▸ Task requirements:
Write out the lines starting at the one that holds "Apartment with Private" and ending with the final line of the data, exactly and with no others.

▸ Entries taken from a collection:
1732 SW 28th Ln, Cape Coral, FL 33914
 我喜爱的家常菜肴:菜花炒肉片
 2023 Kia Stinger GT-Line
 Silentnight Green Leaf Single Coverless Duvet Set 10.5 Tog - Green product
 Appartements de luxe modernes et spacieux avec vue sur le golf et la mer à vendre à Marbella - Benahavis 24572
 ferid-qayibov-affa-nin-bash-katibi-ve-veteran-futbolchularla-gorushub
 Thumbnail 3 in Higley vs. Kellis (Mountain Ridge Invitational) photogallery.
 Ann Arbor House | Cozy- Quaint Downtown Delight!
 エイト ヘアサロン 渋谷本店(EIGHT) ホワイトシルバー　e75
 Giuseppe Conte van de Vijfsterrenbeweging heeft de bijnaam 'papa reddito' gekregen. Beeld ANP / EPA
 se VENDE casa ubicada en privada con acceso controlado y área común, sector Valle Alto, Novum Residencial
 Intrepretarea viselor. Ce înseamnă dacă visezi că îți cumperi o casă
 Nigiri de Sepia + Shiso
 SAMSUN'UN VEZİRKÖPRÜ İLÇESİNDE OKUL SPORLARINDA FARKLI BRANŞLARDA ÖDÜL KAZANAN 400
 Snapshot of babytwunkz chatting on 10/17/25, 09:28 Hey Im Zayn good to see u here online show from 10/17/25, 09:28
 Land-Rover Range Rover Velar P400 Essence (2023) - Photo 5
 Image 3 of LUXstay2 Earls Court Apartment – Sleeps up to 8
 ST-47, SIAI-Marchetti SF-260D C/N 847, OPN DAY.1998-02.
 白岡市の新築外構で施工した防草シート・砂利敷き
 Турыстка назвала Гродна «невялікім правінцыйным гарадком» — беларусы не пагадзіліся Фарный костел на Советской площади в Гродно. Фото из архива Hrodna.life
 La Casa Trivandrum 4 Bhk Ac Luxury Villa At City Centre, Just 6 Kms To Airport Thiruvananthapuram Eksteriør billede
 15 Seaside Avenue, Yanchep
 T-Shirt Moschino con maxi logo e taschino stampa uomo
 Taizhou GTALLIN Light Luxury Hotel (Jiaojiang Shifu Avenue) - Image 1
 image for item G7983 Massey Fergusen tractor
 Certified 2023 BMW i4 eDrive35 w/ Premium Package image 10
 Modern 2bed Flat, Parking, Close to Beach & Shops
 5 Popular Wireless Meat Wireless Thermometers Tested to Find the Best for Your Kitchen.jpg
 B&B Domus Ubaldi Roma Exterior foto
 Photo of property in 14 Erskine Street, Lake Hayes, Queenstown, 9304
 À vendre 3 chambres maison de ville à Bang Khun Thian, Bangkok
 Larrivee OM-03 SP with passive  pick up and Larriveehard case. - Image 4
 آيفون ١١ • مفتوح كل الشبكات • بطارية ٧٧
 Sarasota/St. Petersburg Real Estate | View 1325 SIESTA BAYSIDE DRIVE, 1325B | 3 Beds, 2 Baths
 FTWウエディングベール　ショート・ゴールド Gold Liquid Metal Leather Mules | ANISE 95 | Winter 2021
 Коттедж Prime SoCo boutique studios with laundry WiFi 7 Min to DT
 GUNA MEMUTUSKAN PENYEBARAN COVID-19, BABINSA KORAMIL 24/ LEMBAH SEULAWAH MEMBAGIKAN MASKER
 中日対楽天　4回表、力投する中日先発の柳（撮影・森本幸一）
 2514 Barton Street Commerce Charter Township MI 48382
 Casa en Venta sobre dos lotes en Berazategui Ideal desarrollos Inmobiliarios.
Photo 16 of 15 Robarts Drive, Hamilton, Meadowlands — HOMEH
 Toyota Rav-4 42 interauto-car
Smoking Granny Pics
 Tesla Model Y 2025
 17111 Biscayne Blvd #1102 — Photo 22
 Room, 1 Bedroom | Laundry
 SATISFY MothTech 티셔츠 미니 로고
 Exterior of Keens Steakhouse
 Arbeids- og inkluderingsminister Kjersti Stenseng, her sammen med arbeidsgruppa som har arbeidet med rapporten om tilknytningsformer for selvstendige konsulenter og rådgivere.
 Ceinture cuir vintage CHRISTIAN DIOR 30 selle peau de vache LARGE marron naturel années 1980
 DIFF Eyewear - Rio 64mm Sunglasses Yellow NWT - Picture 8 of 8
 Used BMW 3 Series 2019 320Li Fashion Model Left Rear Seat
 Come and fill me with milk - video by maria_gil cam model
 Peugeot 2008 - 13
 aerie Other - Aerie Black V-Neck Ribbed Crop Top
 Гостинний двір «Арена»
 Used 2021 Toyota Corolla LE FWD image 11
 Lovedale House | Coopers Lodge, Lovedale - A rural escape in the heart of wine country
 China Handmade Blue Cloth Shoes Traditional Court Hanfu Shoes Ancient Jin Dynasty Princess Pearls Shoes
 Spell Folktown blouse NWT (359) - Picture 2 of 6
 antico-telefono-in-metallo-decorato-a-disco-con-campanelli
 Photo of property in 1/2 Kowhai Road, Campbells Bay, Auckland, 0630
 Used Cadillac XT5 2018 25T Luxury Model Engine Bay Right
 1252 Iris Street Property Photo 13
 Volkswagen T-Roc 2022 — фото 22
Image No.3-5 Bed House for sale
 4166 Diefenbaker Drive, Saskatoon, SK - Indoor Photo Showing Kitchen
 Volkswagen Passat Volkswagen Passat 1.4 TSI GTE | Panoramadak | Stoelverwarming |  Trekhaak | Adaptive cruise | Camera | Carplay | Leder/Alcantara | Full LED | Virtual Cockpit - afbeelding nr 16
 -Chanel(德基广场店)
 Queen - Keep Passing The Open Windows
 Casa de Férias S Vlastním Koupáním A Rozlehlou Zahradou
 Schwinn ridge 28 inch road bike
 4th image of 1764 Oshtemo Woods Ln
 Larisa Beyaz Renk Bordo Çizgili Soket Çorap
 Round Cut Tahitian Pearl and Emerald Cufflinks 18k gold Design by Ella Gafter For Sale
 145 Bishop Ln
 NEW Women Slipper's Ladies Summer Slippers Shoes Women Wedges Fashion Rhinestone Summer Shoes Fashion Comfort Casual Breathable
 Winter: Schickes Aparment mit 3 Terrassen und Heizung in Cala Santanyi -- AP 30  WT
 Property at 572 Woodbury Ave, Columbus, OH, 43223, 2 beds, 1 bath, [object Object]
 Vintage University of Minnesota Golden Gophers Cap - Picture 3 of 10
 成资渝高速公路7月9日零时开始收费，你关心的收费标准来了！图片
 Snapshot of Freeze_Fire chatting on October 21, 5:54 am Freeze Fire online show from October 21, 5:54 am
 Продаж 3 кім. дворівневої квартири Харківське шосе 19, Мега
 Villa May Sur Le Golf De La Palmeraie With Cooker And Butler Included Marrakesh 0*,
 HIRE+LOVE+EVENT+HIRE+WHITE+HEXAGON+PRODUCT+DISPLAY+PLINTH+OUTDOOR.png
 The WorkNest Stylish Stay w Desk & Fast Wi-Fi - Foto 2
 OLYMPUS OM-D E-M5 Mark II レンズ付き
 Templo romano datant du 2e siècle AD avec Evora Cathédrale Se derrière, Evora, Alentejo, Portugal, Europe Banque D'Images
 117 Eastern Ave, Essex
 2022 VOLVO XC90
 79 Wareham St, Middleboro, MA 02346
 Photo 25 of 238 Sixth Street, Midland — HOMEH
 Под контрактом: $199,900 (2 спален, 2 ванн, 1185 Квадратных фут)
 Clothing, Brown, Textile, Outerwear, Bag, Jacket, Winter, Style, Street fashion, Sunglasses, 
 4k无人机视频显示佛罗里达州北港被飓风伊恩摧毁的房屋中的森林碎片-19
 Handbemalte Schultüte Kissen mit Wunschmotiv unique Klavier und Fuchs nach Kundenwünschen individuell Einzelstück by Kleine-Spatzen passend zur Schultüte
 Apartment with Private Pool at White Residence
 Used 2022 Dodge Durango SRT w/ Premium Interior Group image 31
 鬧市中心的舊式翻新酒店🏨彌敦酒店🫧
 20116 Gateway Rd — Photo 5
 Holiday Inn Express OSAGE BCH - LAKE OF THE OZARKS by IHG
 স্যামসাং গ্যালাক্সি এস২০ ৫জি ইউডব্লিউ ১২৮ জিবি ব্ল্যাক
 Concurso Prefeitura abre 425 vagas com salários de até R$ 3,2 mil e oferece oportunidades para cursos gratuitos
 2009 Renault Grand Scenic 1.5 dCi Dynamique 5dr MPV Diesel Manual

▸ Answer to the problem:
 Apartment with Private Pool at White Residence
 Used 2022 Dodge Durango SRT w/ Premium Interior Group image 31
 鬧市中心的舊式翻新酒店🏨彌敦酒店🫧
 20116 Gateway Rd — Photo 5
 Holiday Inn Express OSAGE BCH - LAKE OF THE OZARKS by IHG
 স্যামসাং গ্যালাক্সি এস২০ ৫জি ইউডব্লিউ ১২৮ জিবি ব্ল্যাক
 Concurso Prefeitura abre 425 vagas com salários de até R$ 3,2 mil e oferece oportunidades para cursos gratuitos
 2009 Renault Grand Scenic 1.5 dCi Dynamique 5dr MPV Diesel Manual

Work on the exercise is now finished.